Deubiquitinases are important components of the protein degradation regulatory network. We report the discovery of ML364, a small molecule inhibitor of the deubiquitinase USP2 and its use to interrogate the biology of USP2 and its putative substrate cyclin D1. ML364 has an IC50 of 1.1 μm in a biochemical assay using an internally quenched fluorescent di-ubiquitin substrate. Direct binding of ML364 to USP2 was demonstrated using microscale thermophoresis. ML364 induced an increase in cellular cyclin D1 degradation and caused cell cycle arrest as shown in Western blottings and flow cytometry assays utilizing both Mino and HCT116 cancer cell lines. ML364, and not the inactive analog 2, was antiproliferative in cancer cell lines. Consistent with the role of cyclin D1 in DNA damage response, ML364 also caused a decrease in homologous recombination-mediated DNA repair.

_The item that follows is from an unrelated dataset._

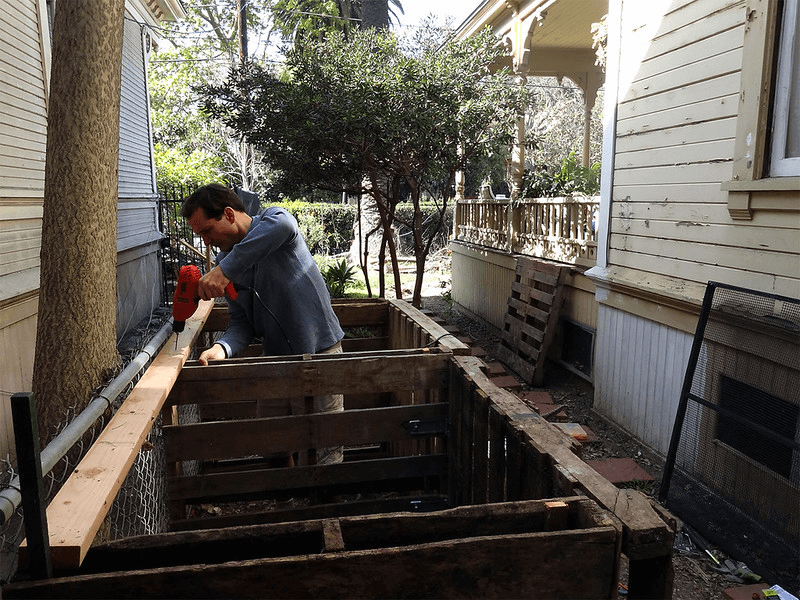 A person builds raised compost bins in a small residential alleyway in Los Angeles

These effects by a small molecule inhibitor support a key role for USP2 as a regulator of cell cycle, DNA repair, and tumor cell growth.

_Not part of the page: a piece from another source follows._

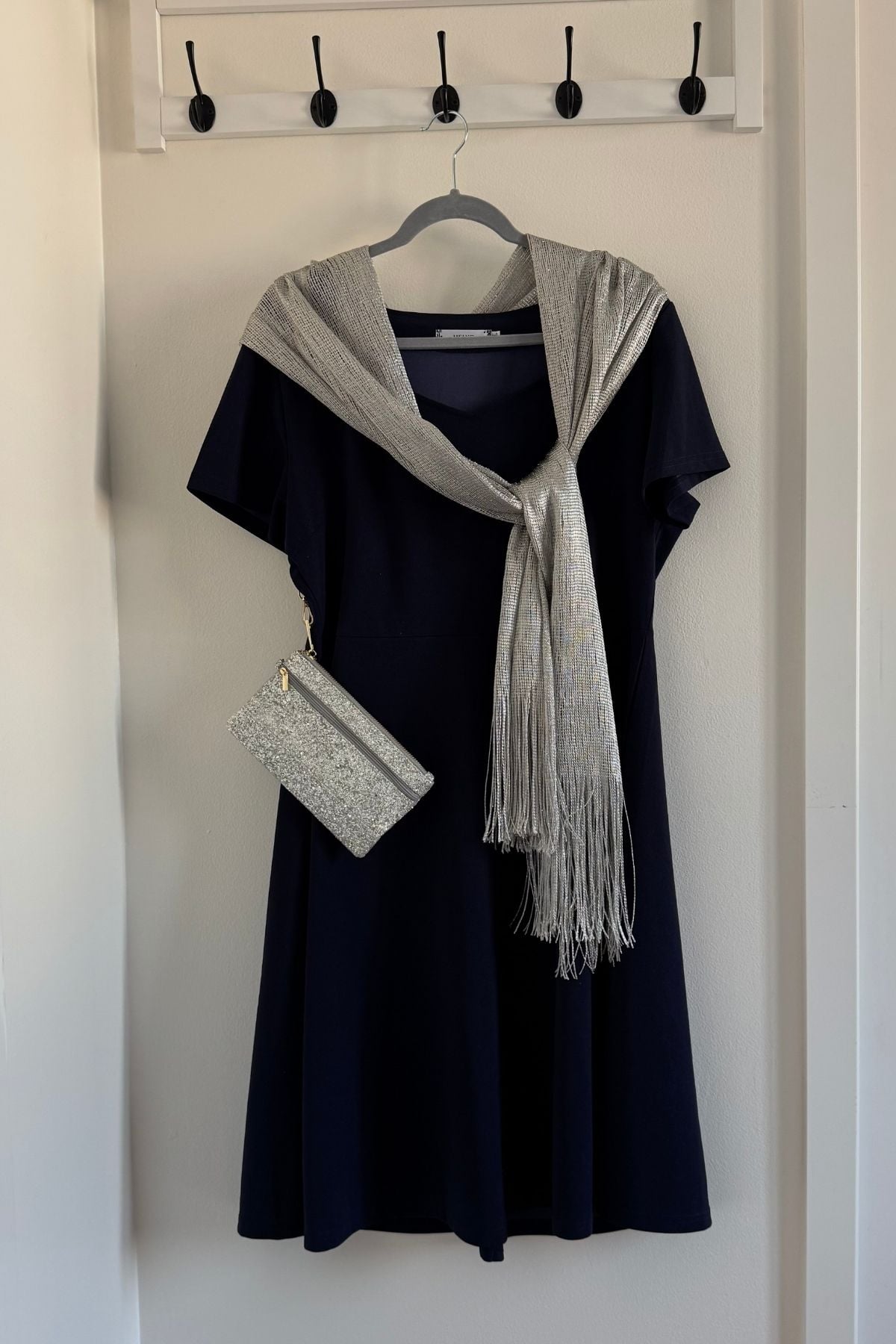 Christmas party outfit with a navy sweetheart dress, silver scarf, and a purse.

The deubiquitylase USP2 maintains ErbB2 abundance via counteracting endocytic degradation and represents a therapeutic target in ErbB2-positive breast cancer
Cell Death Differ 2020 Sep;27(9):2710-2725.PMID:32327714DOI:10.1038/s41418-020-0538-8.

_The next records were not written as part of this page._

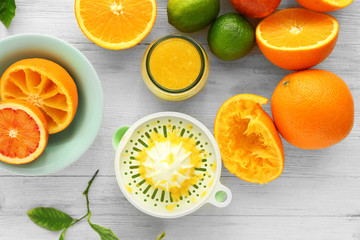 Juicy slices of oranges and juicer on white wooden table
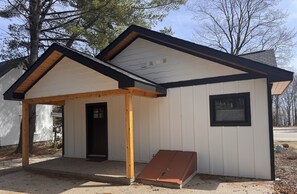 A small, single-story building with a covered porch, a door, and a window.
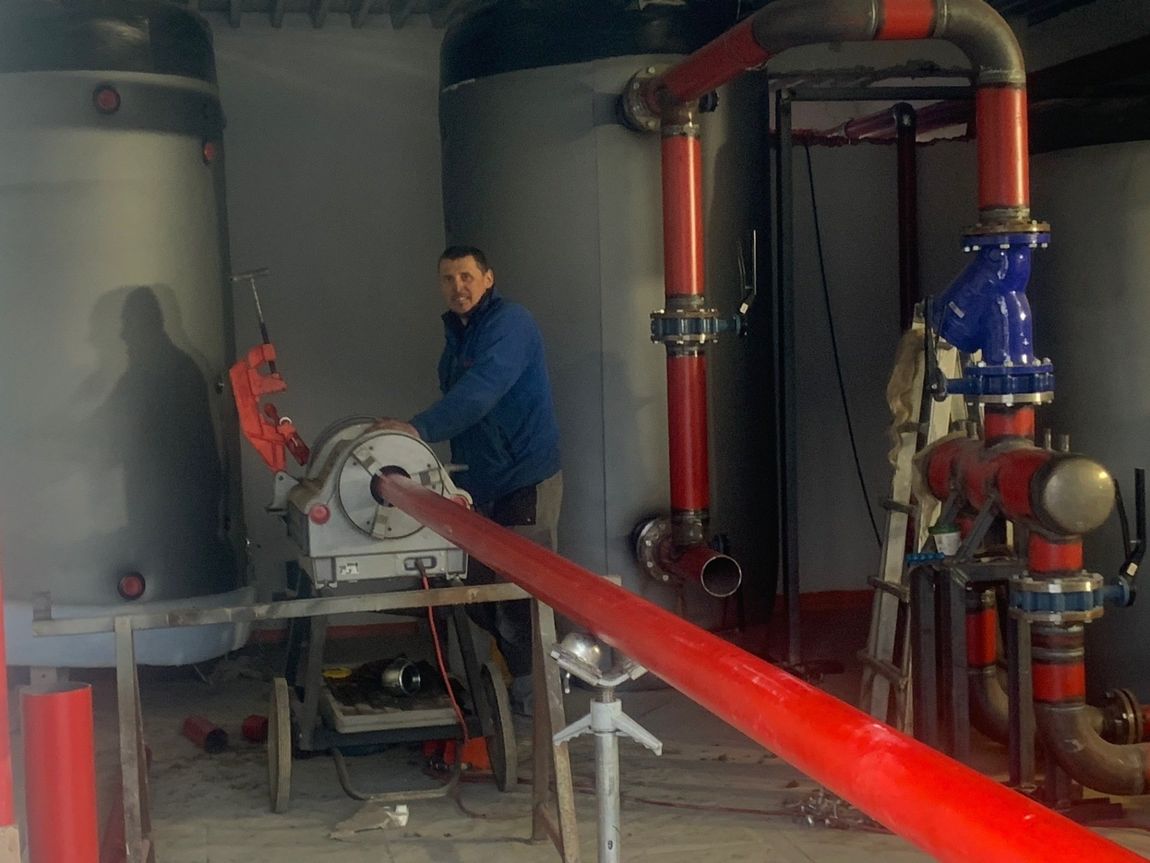 Operaio controlla l'installazione del riscaldamento a pavimento negli impianti industriali a Torino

ErbB2 overexpression identifies a subclass of breast cancer as ErbB2-positive that is frequently associated with poor prognosis. Current ErbB2-targeted therapies have profoundly improved patient outcomes, but mutations occurring in ErbB2 have been shown to confer drug resistance. Induction of ErbB2 degradation was proposed as an intriguing strategy to battle with ErbB2-positive breast cancer and reduced mutation-incurred drug resistance. Although multiple HSP90 inhibitors have been demonstrated to effectively trigger ErbB2 degradation, none succeeded in the clinical evaluations. To develop novel ErbB2-targeting strategies, we investigated the endocytic degradation and reversible ubiquitylation of ErbB2 in breast cancer. In this study, we reveal that HSP90 inhibition leads to efficient ubiquitylation and endocytic degradation of ErbB2 through the canonical endo-lysosomal route. USP2 associates with internalized ErbB2 and prevents its lysosomal sorting and degradation via exerting deubiquitylase activity. Accordingly, the USP2 inhibitor ML364 is capable of inducing ErbB2 ubiquitylation and accelerating its turnover. ML364 potentiates the pro-degradation effects of HSP90 inhibitors on ErbB2 and hence sensitizes ErbB2-positive breast cancer cells to HSP90 inhibition. The combination of USP2 and HSP90 inhibitors effectively restrains ErbB2-positive breast cancer xenograft growth in vivo. Based on these observations, we conclude that USP2 safeguards ErbB2 surface levels by antagonizing its ubiquitylation-mediated endocytic degradation, which can be exploited to design novel therapeutic strategies against ErbB2-driven malignancies as combinatorial treatment with HSP90 inhibitors.